Every record needs to be set down again without a single difference.

------------

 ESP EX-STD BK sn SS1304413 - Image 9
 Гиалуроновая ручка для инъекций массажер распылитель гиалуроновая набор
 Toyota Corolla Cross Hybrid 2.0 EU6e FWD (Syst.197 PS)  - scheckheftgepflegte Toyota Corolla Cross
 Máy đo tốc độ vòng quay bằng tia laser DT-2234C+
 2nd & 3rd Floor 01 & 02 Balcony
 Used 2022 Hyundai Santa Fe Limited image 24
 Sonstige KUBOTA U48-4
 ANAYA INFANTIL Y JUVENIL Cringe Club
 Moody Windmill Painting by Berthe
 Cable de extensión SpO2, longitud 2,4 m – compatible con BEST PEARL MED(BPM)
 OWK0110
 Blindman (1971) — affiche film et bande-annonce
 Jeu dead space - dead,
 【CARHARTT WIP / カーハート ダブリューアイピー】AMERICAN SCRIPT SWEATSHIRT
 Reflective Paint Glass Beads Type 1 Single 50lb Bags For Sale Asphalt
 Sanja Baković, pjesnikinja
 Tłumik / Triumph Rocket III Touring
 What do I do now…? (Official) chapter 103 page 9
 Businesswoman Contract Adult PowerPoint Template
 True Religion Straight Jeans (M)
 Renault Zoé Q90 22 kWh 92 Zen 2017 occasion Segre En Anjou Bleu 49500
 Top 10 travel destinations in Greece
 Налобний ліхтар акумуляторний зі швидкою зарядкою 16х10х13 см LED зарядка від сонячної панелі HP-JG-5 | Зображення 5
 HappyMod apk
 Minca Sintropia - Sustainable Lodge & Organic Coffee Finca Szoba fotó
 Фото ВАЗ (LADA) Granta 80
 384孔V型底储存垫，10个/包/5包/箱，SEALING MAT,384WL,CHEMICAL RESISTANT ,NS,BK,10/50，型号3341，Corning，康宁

------------

**Result of this exercise:**
 ESP EX-STD BK sn SS1304413 - Image 9
 Гиалуроновая ручка для инъекций массажер распылитель гиалуроновая набор
 Toyota Corolla Cross Hybrid 2.0 EU6e FWD (Syst.197 PS)  - scheckheftgepflegte Toyota Corolla Cross
 Máy đo tốc độ vòng quay bằng tia laser DT-2234C+
 2nd & 3rd Floor 01 & 02 Balcony
 Used 2022 Hyundai Santa Fe Limited image 24
 Sonstige KUBOTA U48-4
 ANAYA INFANTIL Y JUVENIL Cringe Club
 Moody Windmill Painting by Berthe
 Cable de extensión SpO2, longitud 2,4 m – compatible con BEST PEARL MED(BPM)
 OWK0110
 Blindman (1971) — affiche film et bande-annonce
 Jeu dead space - dead,
 【CARHARTT WIP / カーハート ダブリューアイピー】AMERICAN SCRIPT SWEATSHIRT
 Reflective Paint Glass Beads Type 1 Single 50lb Bags For Sale Asphalt
 Sanja Baković, pjesnikinja
 Tłumik / Triumph Rocket III Touring
 What do I do now…? (Official) chapter 103 page 9
 Businesswoman Contract Adult PowerPoint Template
 True Religion Straight Jeans (M)
 Renault Zoé Q90 22 kWh 92 Zen 2017 occasion Segre En Anjou Bleu 49500
 Top 10 travel destinations in Greece
 Налобний ліхтар акумуляторний зі швидкою зарядкою 16х10х13 см LED зарядка від сонячної панелі HP-JG-5 | Зображення 5
 HappyMod apk
 Minca Sintropia - Sustainable Lodge & Organic Coffee Finca Szoba fotó
 Фото ВАЗ (LADA) Granta 80
 384孔V型底储存垫，10个/包/5包/箱，SEALING MAT,384WL,CHEMICAL RESISTANT ,NS,BK,10/50，型号3341，Corning，康宁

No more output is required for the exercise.